SoC Tile, Part 2: NPU Adds a Physical AI Engine

The last major block on the SoC tile is a full-featured Neural Processing Unit (NPU), a first for Intel's client-focused processors. The NPU brings AI capabilities directly to the chip and is compatible with standardized program interfaces like OpenVINO. The architecture of the NPU itself is multi-engine in nature, which is comprised of two neural compute engines that can either collaborate on a single task or operate independently. This flexibility is crucial for diverse workloads and potentially benefits future workloads that haven't yet been optimized for AI situations or are in the process of being developed. Two primary components of these neural compute engines stand out: the Inference Pipeline and the SHAVE DSP.
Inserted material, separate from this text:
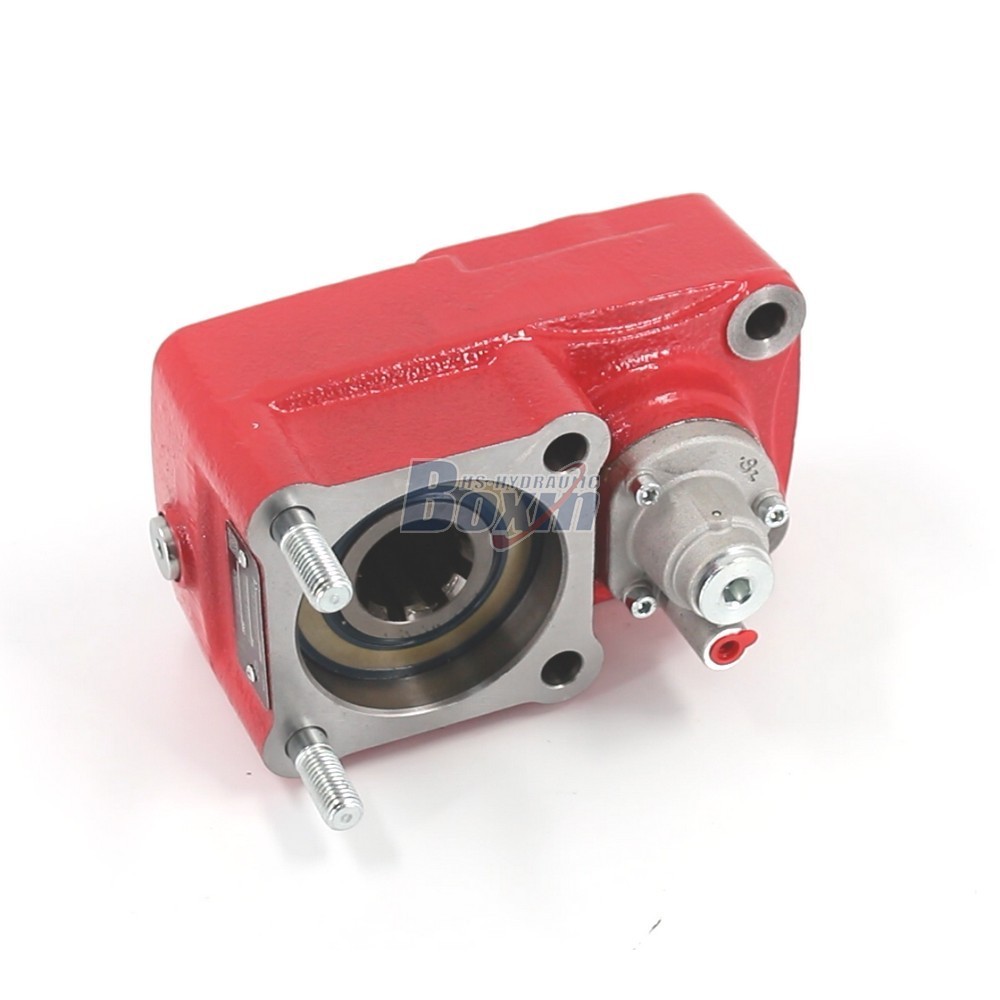 Seeking Global Distributors and Wholesalers for PTO-03 284Nm Power Take Off main image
The Inference Pipeline is primarily responsible for executing workloads in neural network execution. It minimizes data movement and focuses on fixed-function operations for tasks that require high computational power. The pipeline comprises a sizable array of Multiply Accumulate (MAC) units, an activation function block, and a data conversion block. In essence, the inference pipeline is a dedicated block optimized for ultra-dense matrix math.

The SHAVE DSP, or Streaming Hybrid Architecture Vector Engine, is designed specifically for AI applications and workloads. It has the capability to be pipelined along with the Inference Pipeline and the Direct Memory Access (DMA) engine, thereby enabling parallel computing on the NPU to improve overall performance. The DMA Engine is designed to efficiently manage data movement, contributing to the system's overall performance.

At the heart of device management, the NPU is designed to be fully compatible with Microsoft's new compute driver model, known as MCDM. This isn't merely a feature, but it's an optimized implementation with a strong emphasis on security. The Memory Management Unit (MMU) complements this by offering multi-context isolation and facilitates rapid and power-efficient transitions between different power states and workloads.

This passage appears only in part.